The history of software-intensive systems can be divided into three main phases. In the first phase, we built systems according to a specification. This specification could either come from the customer or from product managers, but the goal of the R&D team was to build a system that realized the requirements in the specification.
Many online companies, but also the first embedded-systems companies, are operating in the next stage. Here, teams do not get a specification but rather a set of one or more prioritized KPIs to improve. In e-commerce, the predominant KPI often is conversion; in embedded systems, often a weighted mix of performance, reliability and other quality attributes is used. Teams get as a target to improve one or more of these KPIs without (significantly) deteriorating the others. They have to develop hypotheses on this and test them in the field using, for instance, A/B experiments.
Although the second stage is a major step forward for many companies, the problem is that it still is the team doing all the heavy lifting. Especially running many A/B experiments can be quite effort consuming. The next step that some companies are starting to explore is to allow the system to generate its own experiments with the intent to learn about ways to improve its own performance. Theoretically, this falls in the category of reinforcement learning, but it proves to be quite challenging to realize this is an empirical, industrial context.
The evolution companies go through to reach this third stage can be put in a model, showing the activities and technologies that can be used at each level. From level 2, we see some autonomously improving system behavior such as adding intelligent, online selection of experiments, as well as automatically generating experiments. This results in all kinds of challenges, including predicting the worst-case performance of the generated alternatives. If a system autonomously generates and deploys experiments, some of these experiments can exhibit very poor performance, meaning the system requires models to predict the worst-case outcome for each experiment, as well as solutions to cancel ongoing experiments if performance is negatively affected.
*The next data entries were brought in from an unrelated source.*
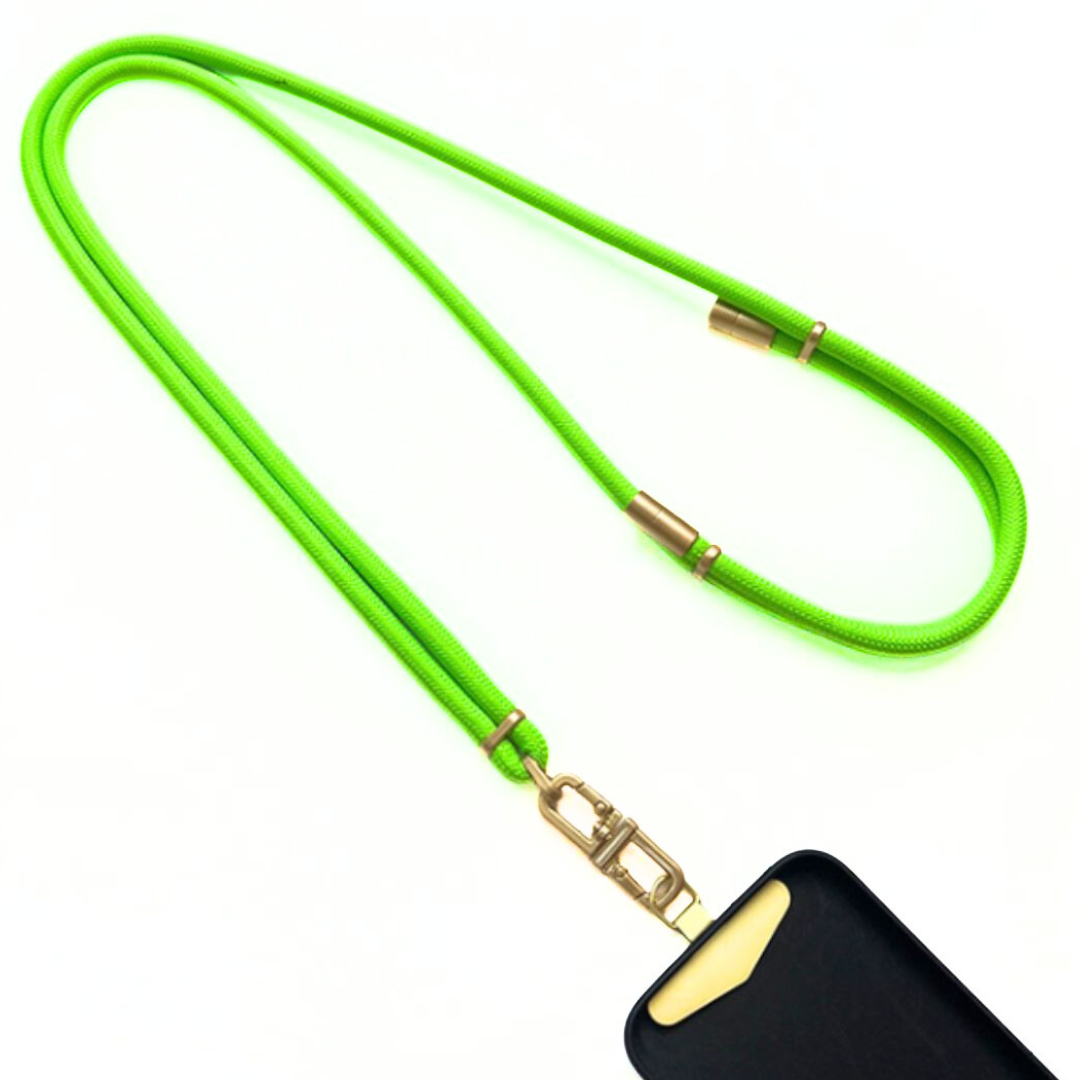 Phone Lanyard | LUX Cord NEON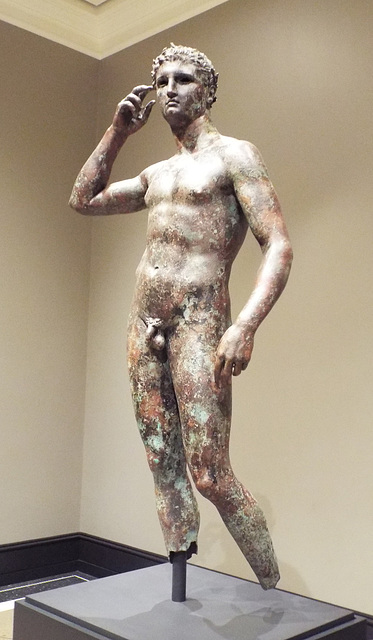 Victorious Youth in the Getty Villa, June 2016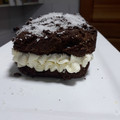 El cooksnap de Adela Lassalle cuando hizo Queque chocolate grez.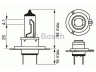 BOSCH 1 987 302 078 lemputė, prožektorius; lemputė, priekinis žibintas 
 Elektros įranga -> Pagalbiniai žibintai/dalys -> Prožektorius/dalys -> Lemputė, prožektorius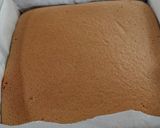 珈琲台湾カステラ 18cmスクエア型作り方12写真
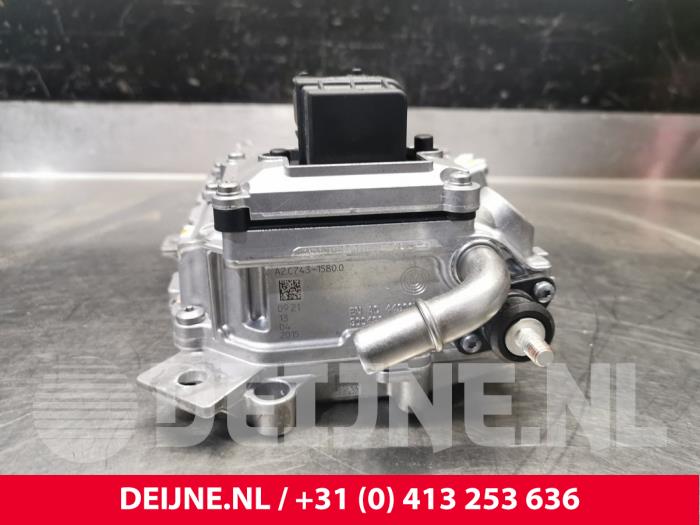 DC/CD convertidor de un Volvo V60 I (FW/GW) 2.4 D6 20V AWD Twin Engine Plug-in Hybrid 2015
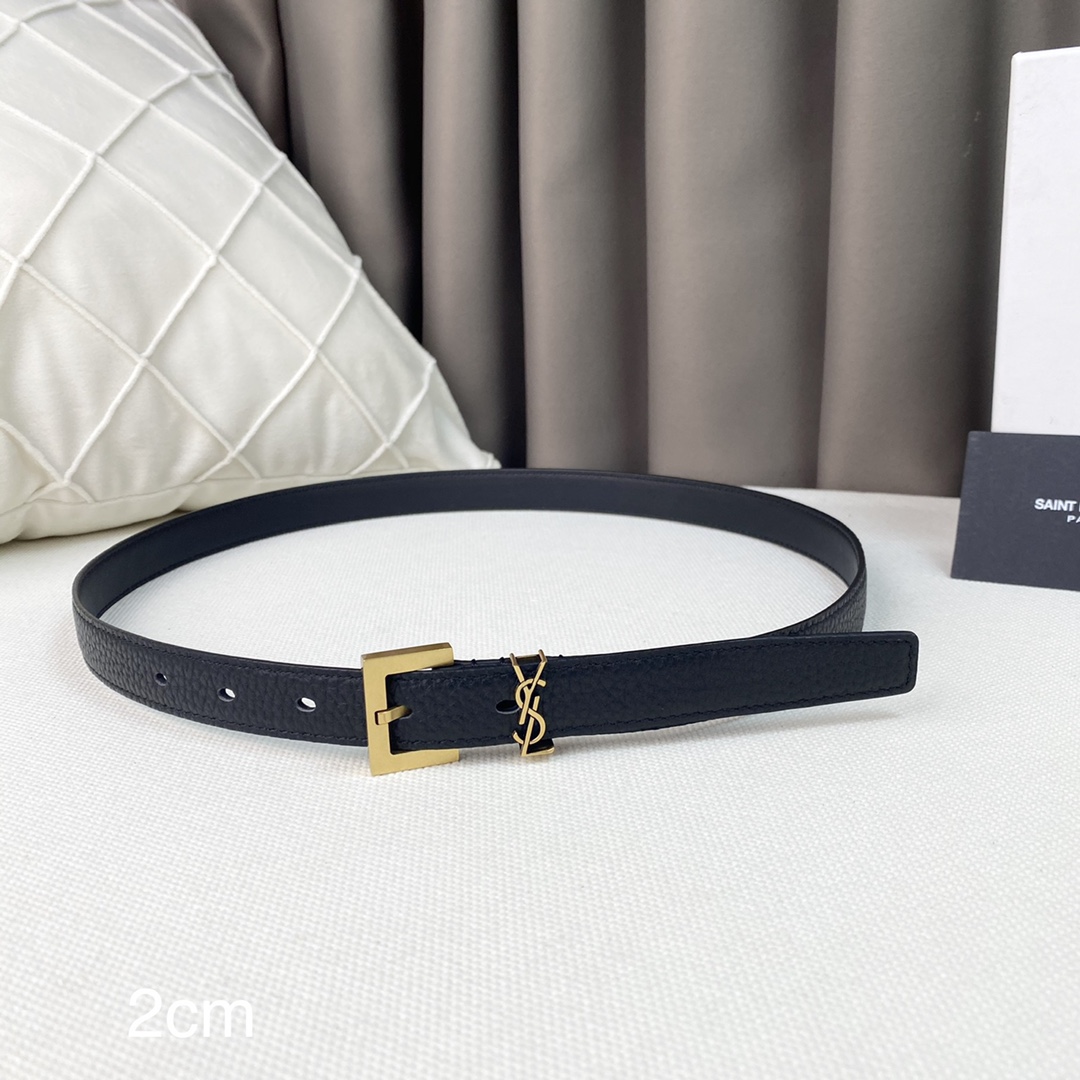 UGG YSL Women Belt Width 2cm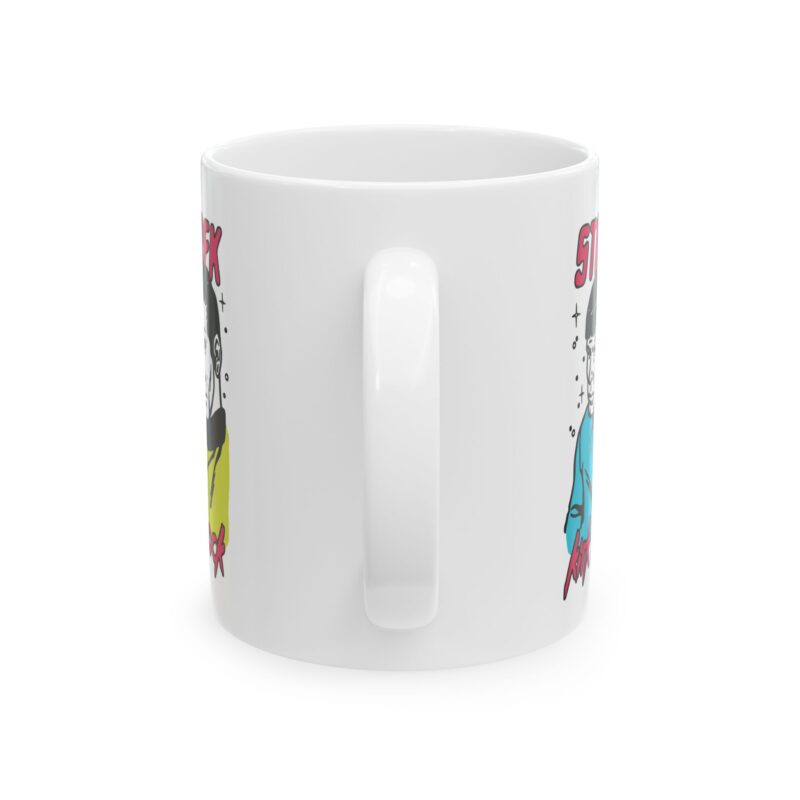 Kirk and Spock Star Trek Ceramic Mug, (11oz, 15oz). Star Trek Gift Ideas. - Image 2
'We need to start looking into online reinforcement learning'
With the increasing prevalence of AI, we need to start looking into online reinforcement learning in software-intensive systems as this would facilitate autonomously improving systems. This ambition comes with major challenges that we’re now researching. However, I encourage you to start exploring where the systems that you build could autonomously improve their own behavior. Even starting in a small, risk-free corner of the system can be very helpful to learn about this paradigm. The overall goal is that every day I use your product, I want it to be better!